In the days that followed, the Surrey safe house was visited by what were known in the Office as “experts with handles.” The first was a woman from Hebrew University who spent two nights lecturing Sarah on Saudi social customs. Next came a psychiatrist who spent two more nights counseling her on ways to combat fear and anxiety while working undercover. A specialist in communications gave her a primer on elementary forms of secret writing. A martial arts trainer taught her the basics of Israeli-style hand-to-hand combat. Gabriel chose Lavon, the greatest watcher in the history of the Office, to give her a crash course in the art of human and electronic surveillance. “You will be entering a hostile camp,” he told her in summation. “Assume they’re watching your every move and listening to your every word. If you do that, nothing can go wrong.”
Gabriel, for the most part, remained a spectator to her training. He greeted her when she arrived at the house each evening, joined the team for dinner, then saw her off again at midnight when she set out for London with Yossi. As the days wore on, they began to detect a restlessness in him. Lavon, who had worked with him more than the others, diagnosed Gabriel’s mood as impatience. “He wants to put her into play,” Lavon said, “but he knows she’s not ready.” He began spending extended periods before the canvas, painstakingly repairing the damage done to Marguerite. The intensity of the work only increased his restiveness. Lavon advised him to take breaks now and again, and Gabriel reluctantly agreed. He found a pair of Wellington boots in the mudroom and ventured out on solitary marches over the footpaths surrounding the village. He dug a rod and reel from a storage room in the cellar and used it to haul an enormous brown trout from the stock pond. In the barn, concealed beneath a tarpaulin, he found an ancient MG motorcar that looked as though it hadn’t been driven in twenty years. Three days later the others heard a sputtering sound emanating from the barn, followed by an explosion that reverberated over the countryside. Yaakov came running down from the house, fearful Gabriel had blown himself to bits, but instead found him standing over the open hood of the MG, covered in engine grease up to his elbows and smiling for the first time since they’d come to Surrey. “It works,” he shouted over the thunderous rattle of the motor. “The damned thing still runs.”

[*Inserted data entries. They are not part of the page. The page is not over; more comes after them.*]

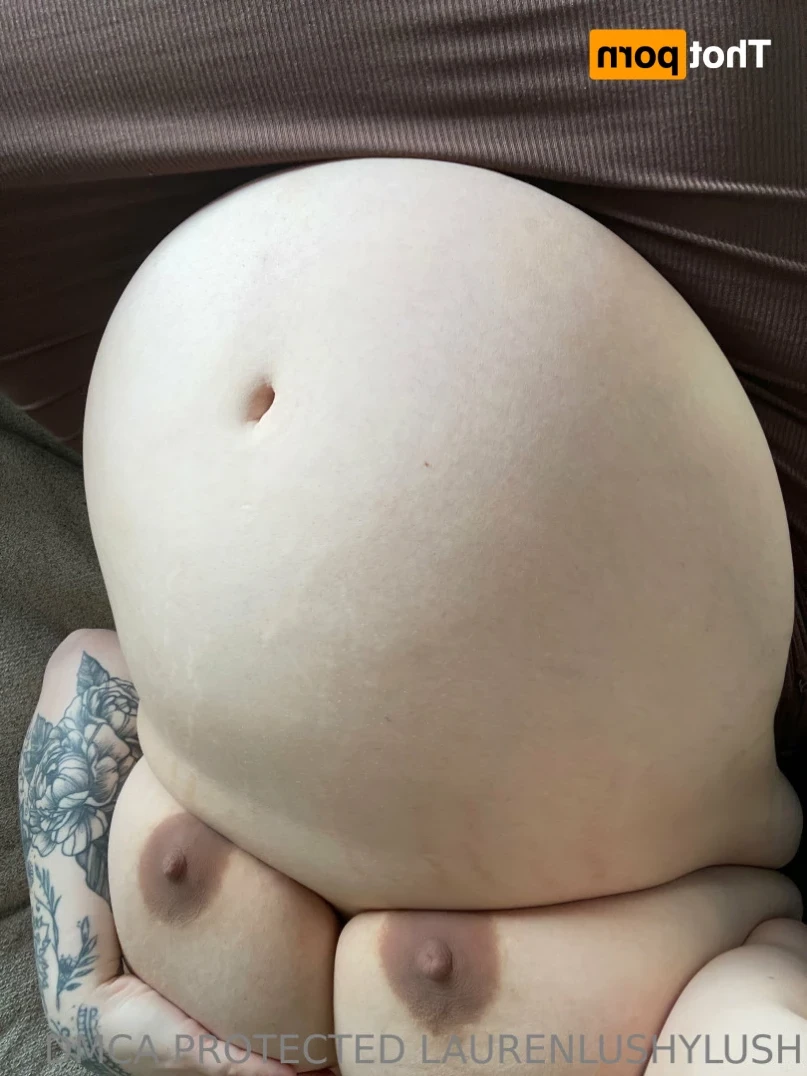lauren.lush Onlyfans leaked photo 10951418 on Hotleaks.tv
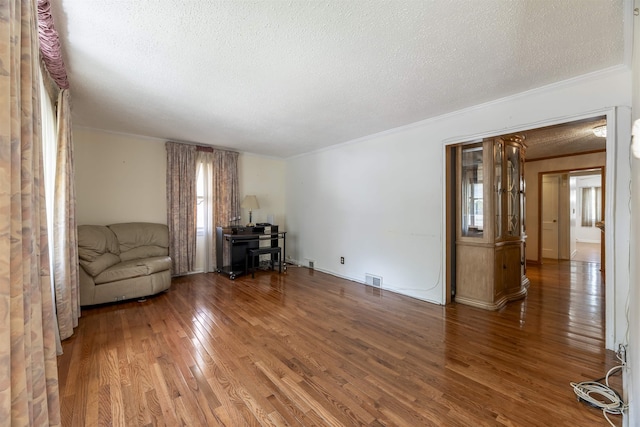 168 Tuxedo Pkwy, Newark, NJ 07106 - photo 5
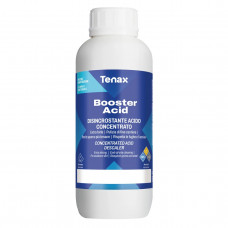 Decapant acid concentrat Booster Acid Tenax, 1 litru Decapant acid concentrat Booster Acid Tenax, 1 litru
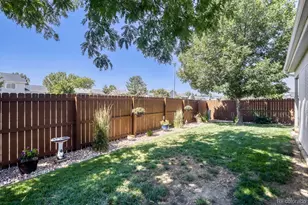 76 W Forest St, Milliken, CO 80543 - Photo 28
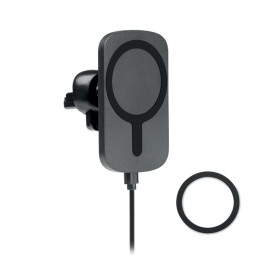 ADIA · Chargeur sans fil magnétique MO6472-03
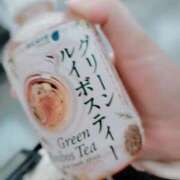 ヒメ日記 2026/09/20 14:36 投稿 やよい 西船人妻花壇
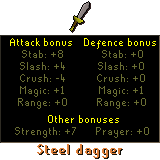 steel_dagger.png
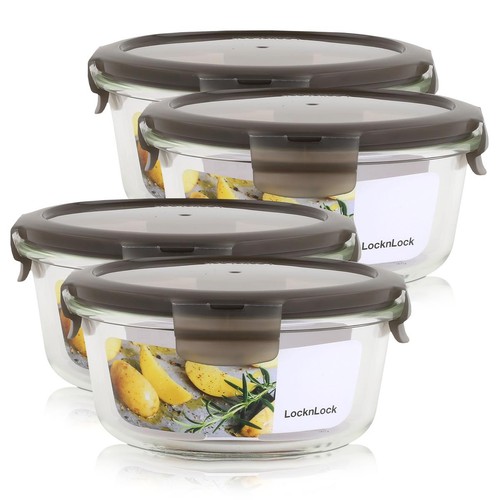 Locknlock oven glass - locknlock,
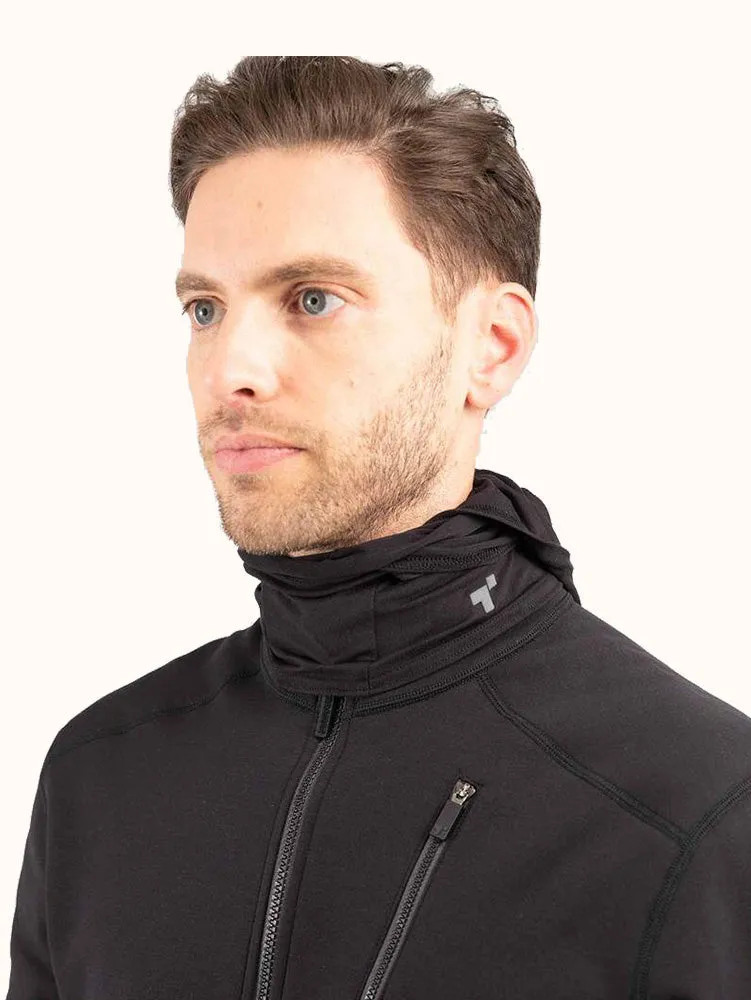 Unisex Thermal Performance Balaclava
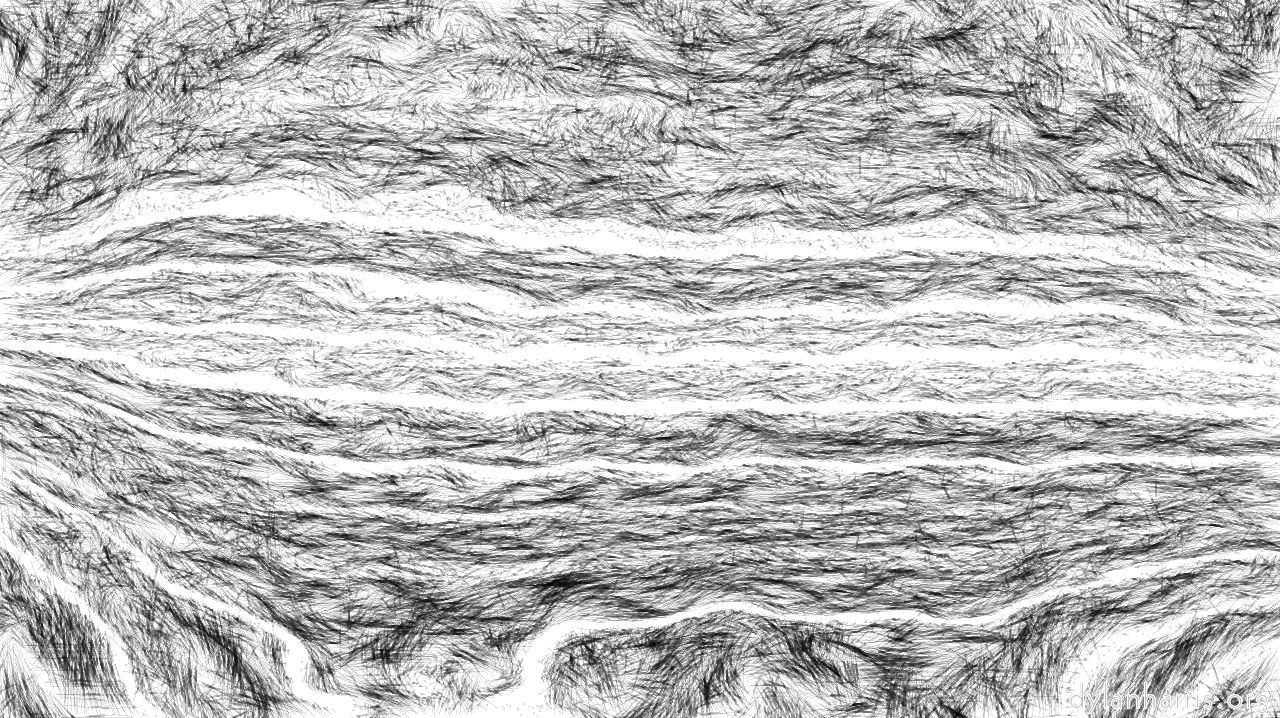 image: pencil sketch :: sketchrough2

That evening he joined in Sarah’s training session for the first time. Lavon and Yaakov were not surprised, for the topic of discussion was none other that Ahmed bin Shafiq, the man who had become Gabriel’s personal bête noire. He chose Dina, with her pleasant voice and patina of early widowhood, to deliver the briefings. On the first night she lectured on Group 205, bin Shafiq’s secret unit within the GID, and showed how the combination of Wahhabi ideology and Saudi money had wreaked havoc across the Middle East and South Asia. On the second night she recounted bin Shafiq’s journey from loyal servant of the Saudi state to mastermind of the Brotherhood of Allah. Then she described in detail the operation against the Vatican, though she made no mention of the fact that Gabriel had been present at the scene of the crime. Gabriel realized that much of the information was superfluous, but he wanted Sarah to have no doubt in her mind that Ahmed bin Shafiq had earned the fate that awaited him.
On the final night they showed her a series of computer-generated photo illustrations of how bin Shafiq might look now. Bin Shafiq with a beard. Bin Shafiq with a balding pate. Bin Shafiq with a gray wig. With a black wig. With curly hair. With no hair at all. With his sharp Bedouin features softened by a plastic surgeon. But it was the wounded arm that would be her most valuable clue to his identity, Gabriel told her. The scar on the inside of his forearm he would never show. The slightly withered hand that he would never offer and keep safely tucked away, hidden from infidel eyes.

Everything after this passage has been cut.